For years I tried different paths. I worked, I explored, I searched. But art kept pulling me back. Not the academic kind — the kind that grows from instinct and necessity. Creating became the one place where my thoughts slowed down and my hands understood what to do.
The turning point was simple: I wanted to build something that didn’t exist yet.
My first mojigangas were rough, heavy, and imperfect. I didn’t know what I was doing — I just knew I wanted to give shape to an emotion, to a character, to a presence larger than life. Every mistake became a teacher. Every failure opened another door. The process itself guided me more than any instruction ever could.
Then came the moment that changed everything:
The first time I stepped inside one of my own creations.
I remember standing there, looking out through the tiny mesh, feeling the weight on my shoulders. And then I walked — and people reacted. Children laughed, adults smiled, strangers forgot whatever they were thinking and met me with pure surprise. In that moment I understood that my work wasn’t just art… it was connection.
It was a bridge.
Over time, my pieces evolved — lighter frames, more expressive faces, movements that felt natural and alive.
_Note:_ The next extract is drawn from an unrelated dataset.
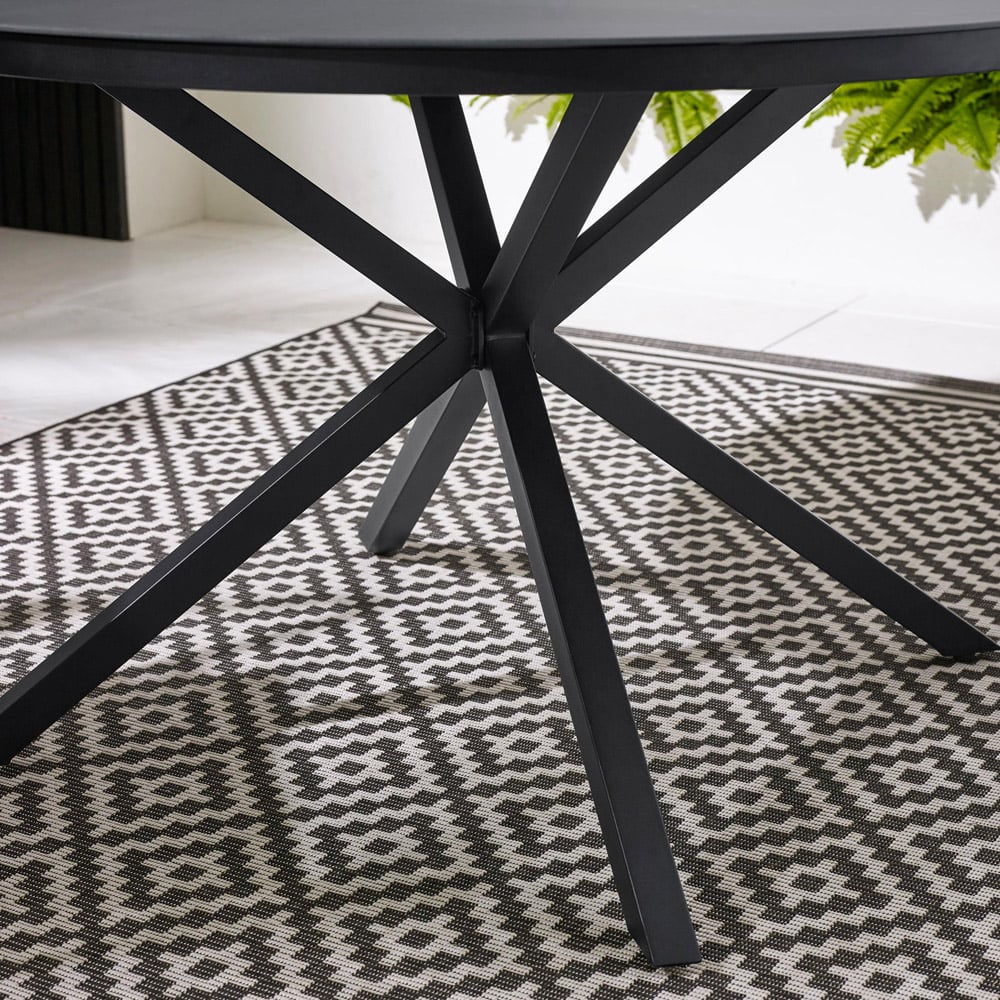 Furniturebox Castres 4 Seater Black Metal Round Outdoor Dining Table Image 3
I learned how to balance tradition with innovation, how to honor the Catrina while giving her my own language, how to let the puppets become characters instead of objects.
My creative story is still unfolding. Every parade, every wedding, every commission brings a new chapter. Sometimes the road is difficult — long hours, unexpected problems, the quiet doubts no one sees — but I keep going because I know the feeling that waits at the end: the moment when a giant figure takes its first steps and the world reacts.
This is what keeps me creating:
The possibility that something I make with my hands can lift the spirit of someone I’ve never met.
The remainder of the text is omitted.